No sorprendió, porque en aquellos años sin smartphones, ni YouTube, ni redes sociales era habitual que el orador se adaptase a la audiencia del momento, con el resguardo de que las palabras adaptadas no viajarían por todos lados; la prensa a veces cubría todo y a veces no –de hecho, esa tarde hubo algunos móviles que seguían el acto de Kirchner, pero el discurso entero, con las menciones a la inseguridad, no se transmitió por televisión–. En 2021 algo así ya no es posible, porque estamos mucho más observados, y aunque casi nadie sigue la pista a todo el volumen de información que se reproduce en forma constante, nos pueden pescar con la segmentación en la masa cuando menos lo esperamos. Como le pasó a Sergio Massa cuando se propuso filmar videos segmentados para difundir en diferentes provincias, y se filtró su memorable «tajaí», que se convirtió en risas y en una advertencia de que la segmentación no va más. Por eso mismo, una de las recomendaciones de la comunicación política actual es concentrar la palabra en pocas voces, y unificar el relato.
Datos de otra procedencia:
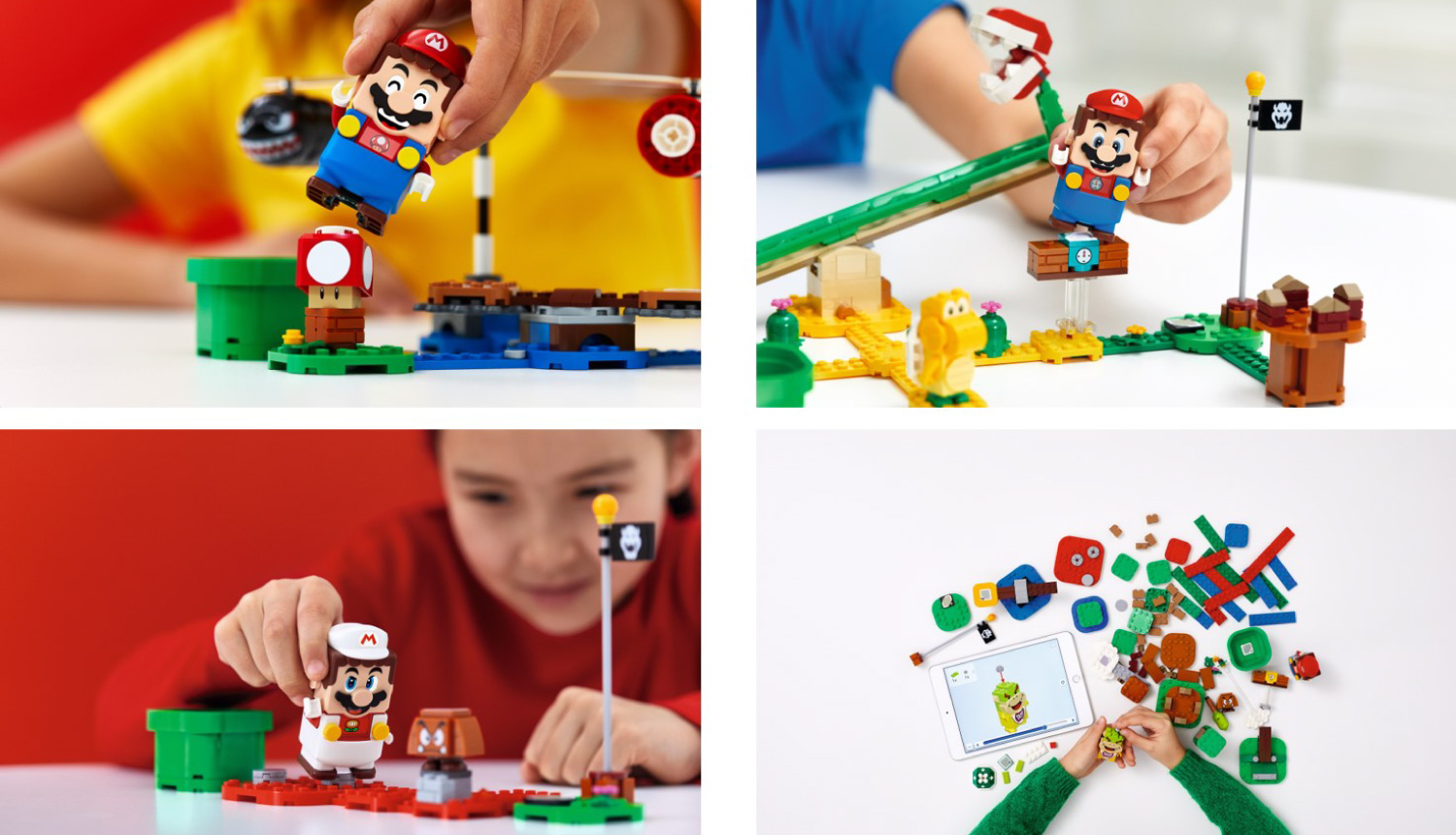 Lego-Super-Mario-レゴマリオ-乐高-超级马里奥系列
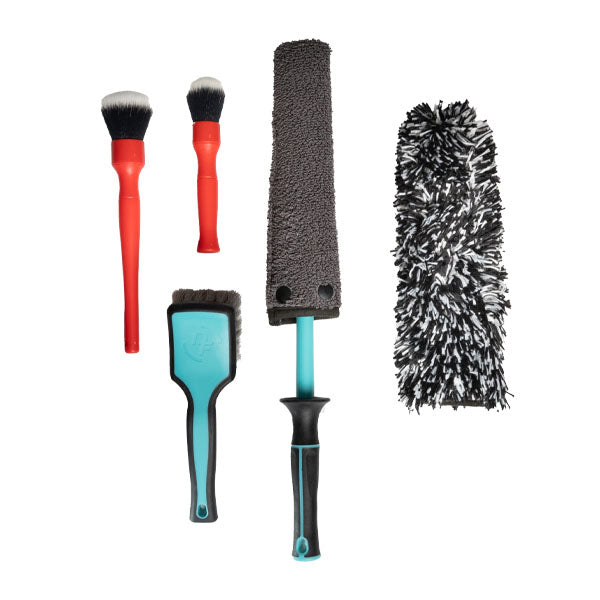 Koch Chemie Wheel Brush Set - Wool – Waxit Car Care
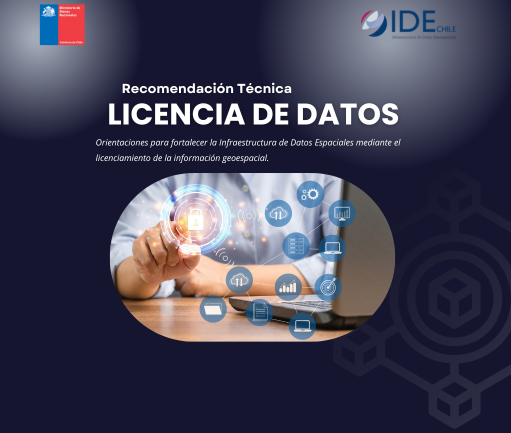 Recomendación Técnica - Licencias de Datos Geoespaciales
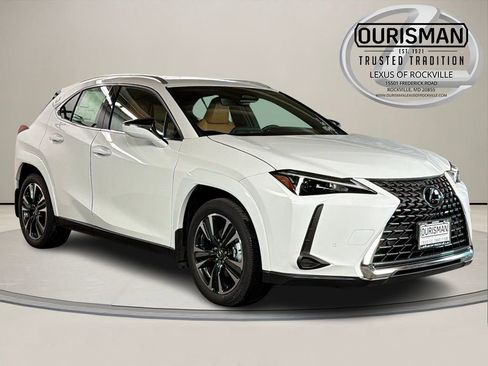 New 2026 Lexus UX 300h AWD image 1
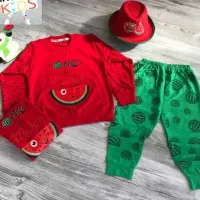 ست بلوز شلوار یلدایی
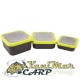 Кутии за стръв Matrix Bait Box Grey/Lime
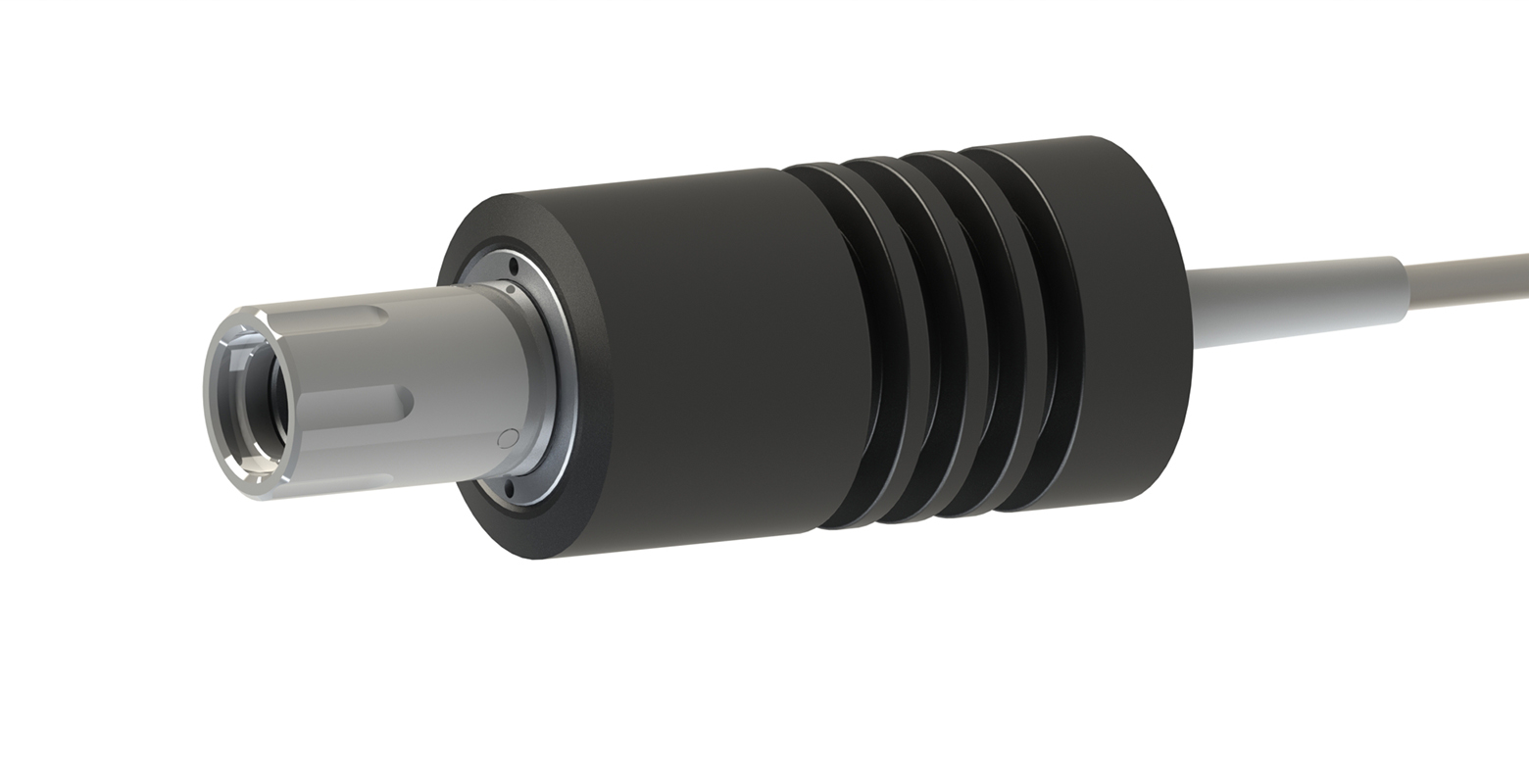 LED-Beleuchtungskopf für semirigide Optiken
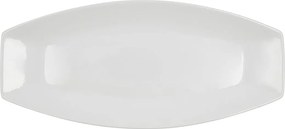 Ταψί Quid Gastro Κεραμικά Λευκό (40 x 17,5 x 3,5 cm) (Pack 4x)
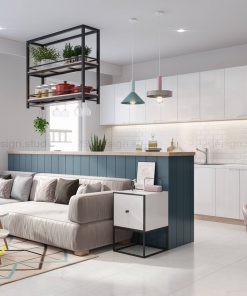 Căn hộ 2 phòng D'Home Nha Trang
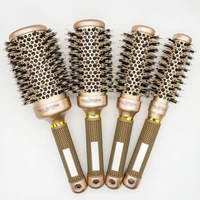1pcs professional hair comb hairdressing anti static haircut combs brushes curling massage combs hair care diy styling tools
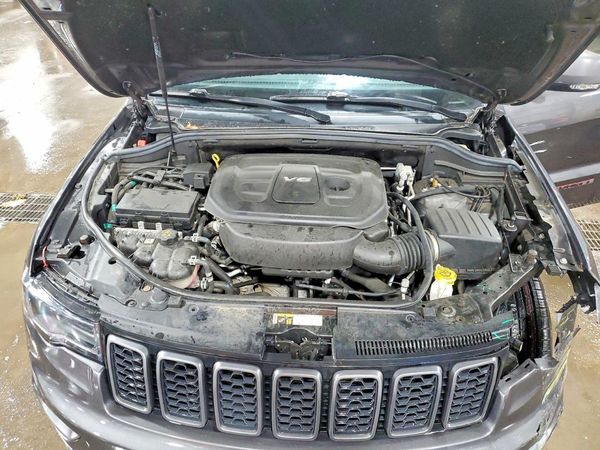 2017 JEEP GRAND CHEROKEE TRAILHAWK 4X4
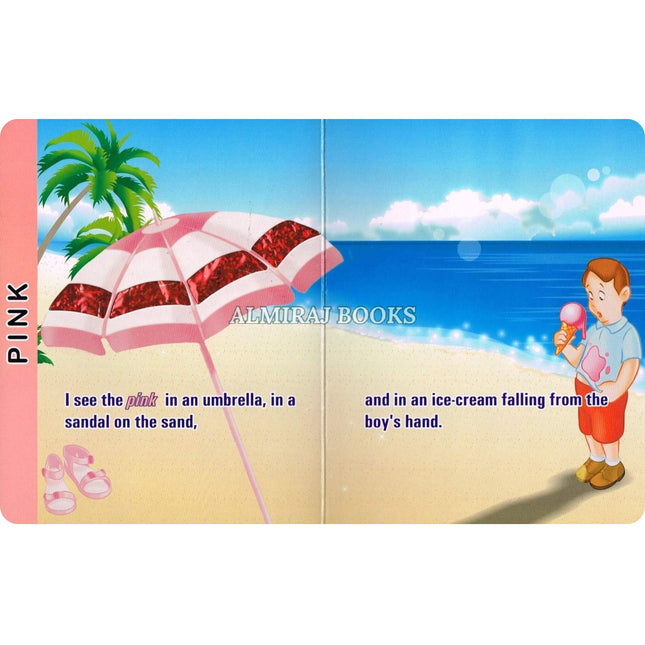 My Little Marvels Colors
Ese tema fue bien manejado por Cambiemos durante el gobierno de Macri: hablaban pocos, y rara vez se salían de la línea bajada por Marcos Peña. Pero en las elecciones de 2021 se viene un problema generalizado. Por un lado, la oposición tiene muchas figuras, pero ya no un Marcos que le ordene los discursos. Y aunque el gobierno sí tiene una política de comunicación, conducida por la Jefatura de Gabinete, esta es limitada, porque no tiene jurisdicción sobre la gran cantidad de voces que conforman el amplio espacio panperonista. Empezando por la vicepresidenta, el kirchnerismo bonaerense, y los gobernadores.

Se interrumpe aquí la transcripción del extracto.